Puisi: Sebelum Tidur (Karya Budiman S. Hartoyo)

Puisi “Sebelum Tidur” karya Budiman S. Hartoyo menggambarkan momen menjelang tidur sebagai ruang pelarian batin dari dunia yang penuh konflik.
Sebelum Tidur

Putarlah knop radio itu
Jam sebelas tengah malam begini
terlalu sayang dilewatkan
hanya untuk mendengarkan berita-berita perang
dari stasion-stasion pemancar
luar negeri

Sebelum tikar, bantal dan sarung selimut
kausiapkan buat tidur
di atas lantai yang lembab
dengarkanlah barang dua menit
sebuah lagu:

"Aku kan datang kepadamu
wahai dunia lupa dan lelap
Aku masuki gelap rahsiamu
malam yang panjang berabad-abad

Akulah yang dulu pergi
mencari arti rahsia abadi
Lupakan keluh gangguan mimpi
walau terluka nasib sendiri

Diamlah engkau, wahai diamlah
dengarlah langkahku yang datang
Diamlah sejenak, diamlah
lelaplah tidur, lupakan perang"

1967

Sumber: Sebelum Tidur (1977)

Analisis Puisi:

Puisi “Sebelum Tidur” menghadirkan momen sederhana menjelang tidur sebagai ruang kontemplasi atas dunia yang penuh kegelisahan. Penyair mempertemukan dua realitas: berita perang dari dunia luar dan kebutuhan batin manusia akan ketenangan sebelum tidur. Lagu yang diperdengarkan menjadi simbol pelarian sementara menuju kedamaian dan pelupaan luka hidup.

Tema

Tema puisi ini adalah pencarian ketenangan batin di tengah dunia yang penuh konflik dan penderitaan. Tema lain yang menyertai adalah kebutuhan manusia akan pelarian spiritual atau emosional dari realitas keras.
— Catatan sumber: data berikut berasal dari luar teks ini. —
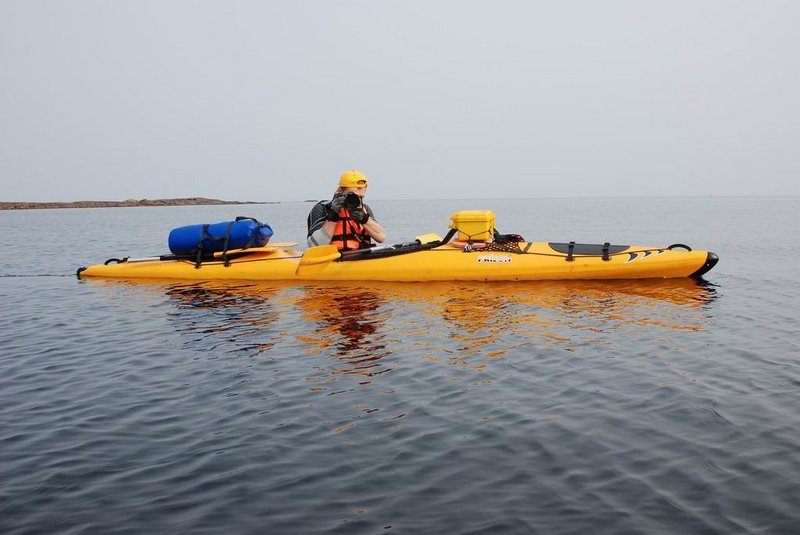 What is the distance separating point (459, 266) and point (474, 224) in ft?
3.29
Puisi ini bercerita tentang seseorang yang hendak tidur di tengah malam di ruangan sederhana. Ia menyalakan radio, tetapi bukan untuk mendengar berita perang dari luar negeri, melainkan untuk mendengarkan lagu yang menenangkan. Lagu itu berbicara tentang datangnya tidur sebagai dunia lelap yang melupakan perang, luka, dan nasib. Sebelum tidur, manusia seakan memasuki ruang hening yang membebaskannya sementara dari beban hidup.

Makna Tersirat

Makna tersirat puisi ini adalah bahwa tidur menjadi metafora pelarian manusia dari kenyataan dunia yang penuh konflik, penderitaan, dan kegelisahan. Dalam tidur, manusia menemukan kedamaian yang tidak ia peroleh saat terjaga.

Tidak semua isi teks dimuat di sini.